> [Working data]
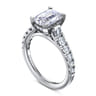 Piper - 14K White Gold Emerald Cut Diamond Engagement Ring - 0.78 ct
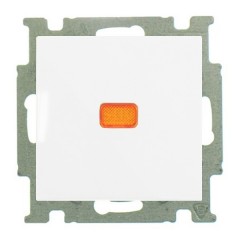 Переключатель с подсветкой  ABB Basic 55 альпийский белый (2006/6 UCK-94)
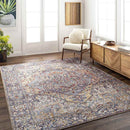 Manche Traditional Burnt Orange Area Rug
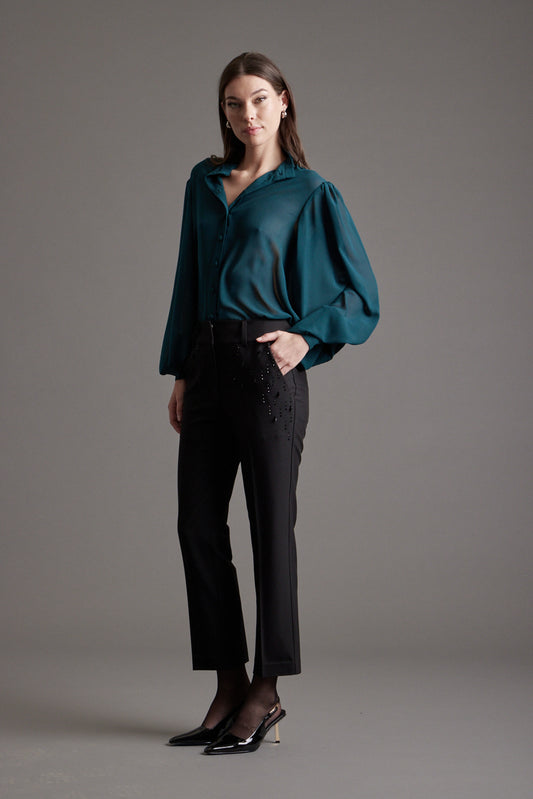 Astrid Hand Beaded Trouser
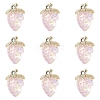 10Pcs Transparent Acrylic Pendants MACR-FS0002-08B-1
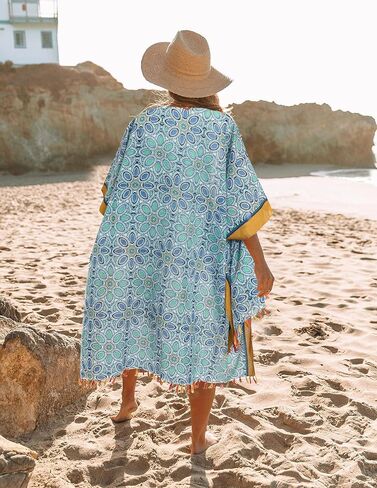 Kimonos for Women Beach Swimsuit Cover Up Boho Lightweight Kimono Cardigans for Summer in Saudi Arabia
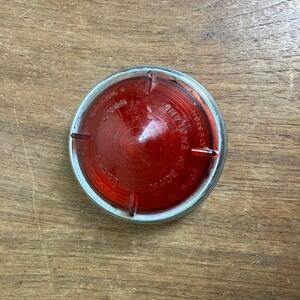 Vintage Red Glass Metal LUCAS‎ L538 Taillight Cover Made In England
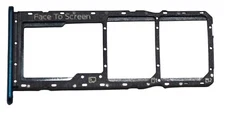 OEM ZTE BLADE V40 VITA REPLACEMENT BLUE MICRO SD DUAL SIM CARD HOLDER TRAY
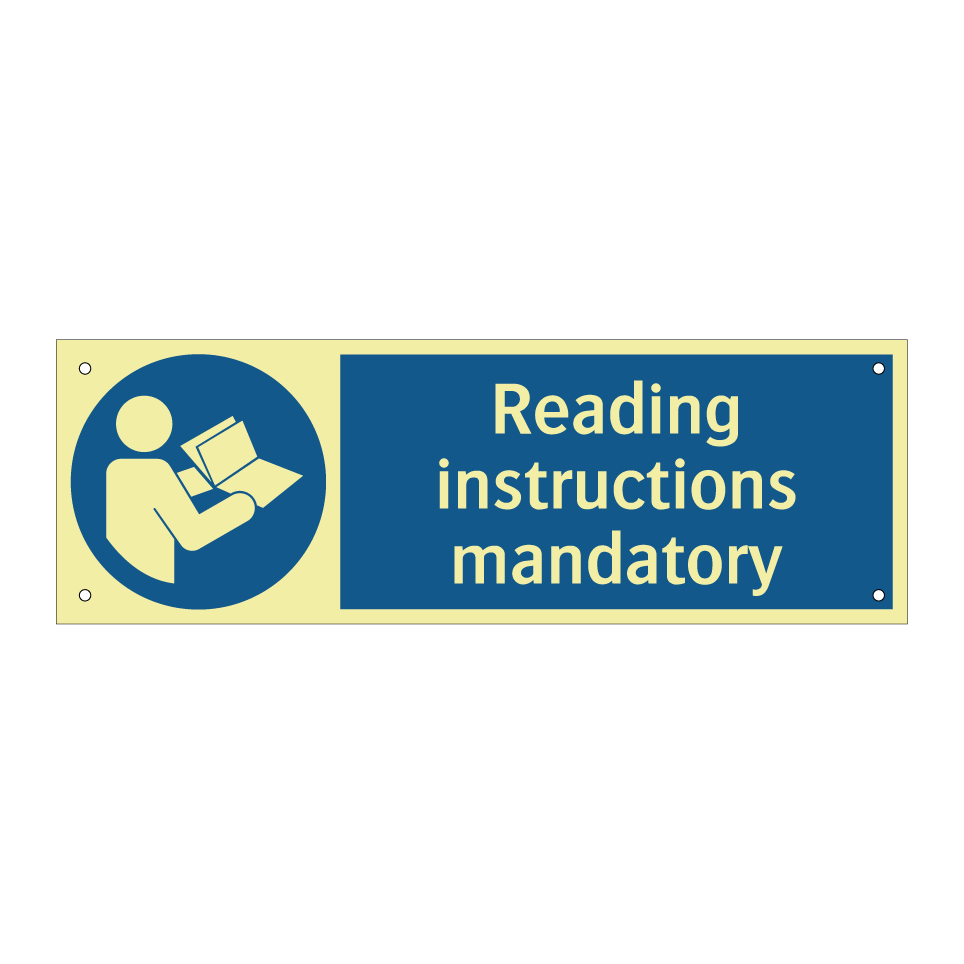Reading instructions mandatory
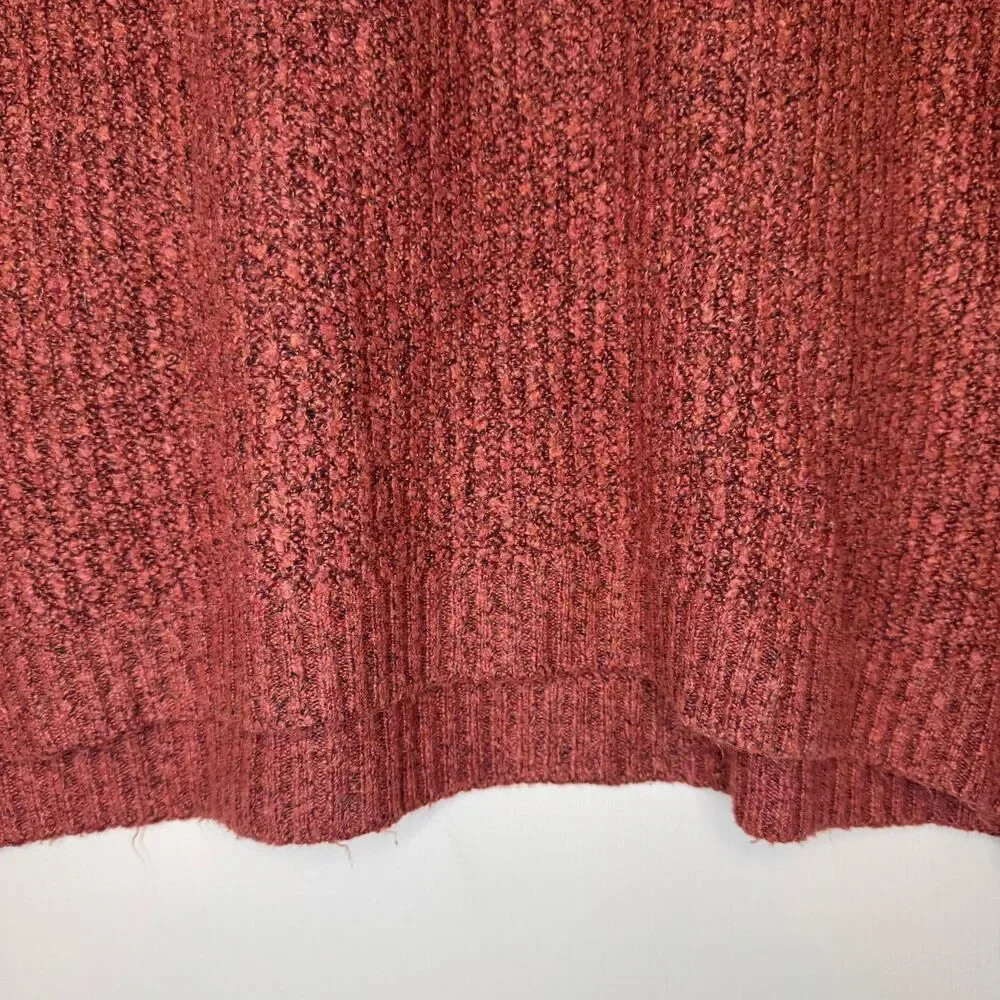 AMERICAN EAGLE women's size small S rust orange cowl neck crop pullover sweater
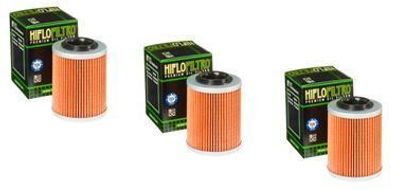 3x Hiflo HF152 ?lfilter oilfilter passt an Aprilia Rsv 1000 R 04-09 Outlander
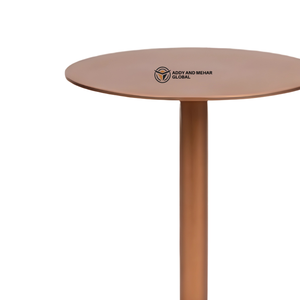 Modern Round Iron Metal <b>Stool</b> with Cylindrical Legs Minimalist Powder Coated Steel <b>Stool</b> for Home Cafe & Commercial Use - Product Image 6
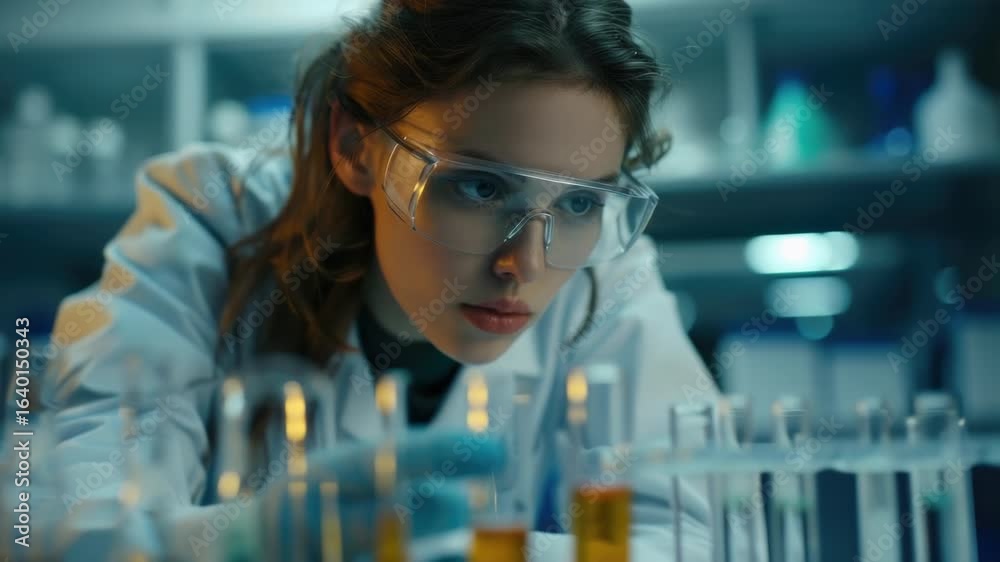 Scientist analyzing chemical samples Scientist analyzing chemical samples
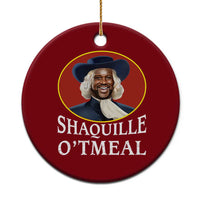 Funny Shaquille Oatmeal Ceramic Ornament Shaq O'neal Meme Cereal Parody - Wonder Print Shop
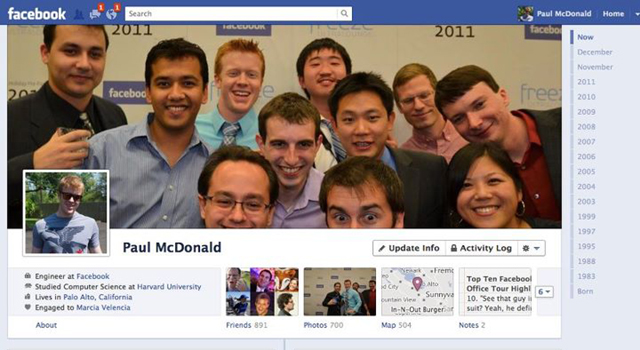 facebook timeline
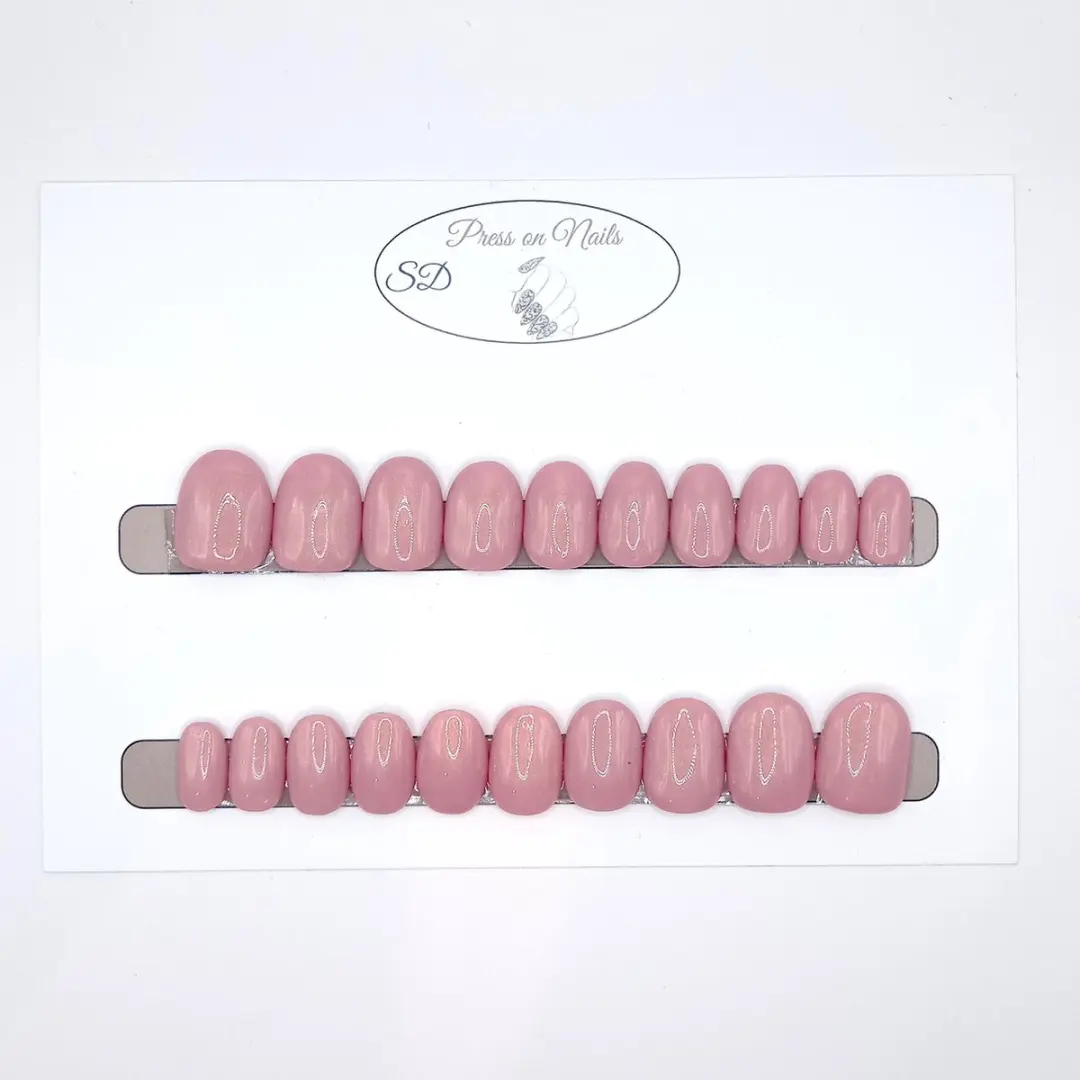 SD Press on Nails B-150 Nude Shimmer XS Kunstnagels - 20 Stuks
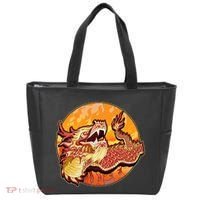 Chinese Dragon Fire Dance Tote Bag thumb 0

> [What you should do] Leave the images aside and return the records above exactly as written.

> [Output for this exercise]
 Piper - 14K White Gold Emerald Cut Diamond Engagement Ring - 0.78 ct
 Переключатель с подсветкой  ABB Basic 55 альпийский белый (2006/6 UCK-94)
 Manche Traditional Burnt Orange Area Rug
 Astrid Hand Beaded Trouser
 10Pcs Transparent Acrylic Pendants MACR-FS0002-08B-1
 Kimonos for Women Beach Swimsuit Cover Up Boho Lightweight Kimono Cardigans for Summer in Saudi Arabia
 Vintage Red Glass Metal LUCAS‎ L538 Taillight Cover Made In England
 OEM ZTE BLADE V40 VITA REPLACEMENT BLUE MICRO SD DUAL SIM CARD HOLDER TRAY
Reading instructions mandatory
 AMERICAN EAGLE women's size small S rust orange cowl neck crop pullover sweater
 3x Hiflo HF152 ?lfilter oilfilter passt an Aprilia Rsv 1000 R 04-09 Outlander
 Modern Round Iron Metal <b>Stool</b> with Cylindrical Legs Minimalist Powder Coated Steel <b>Stool</b> for Home Cafe & Commercial Use - Product Image 6
 Scientist analyzing chemical samples Scientist analyzing chemical samples
 Funny Shaquille Oatmeal Ceramic Ornament Shaq O'neal Meme Cereal Parody - Wonder Print Shop
 facebook timeline
 SD Press on Nails B-150 Nude Shimmer XS Kunstnagels - 20 Stuks
 Chinese Dragon Fire Dance Tote Bag thumb 0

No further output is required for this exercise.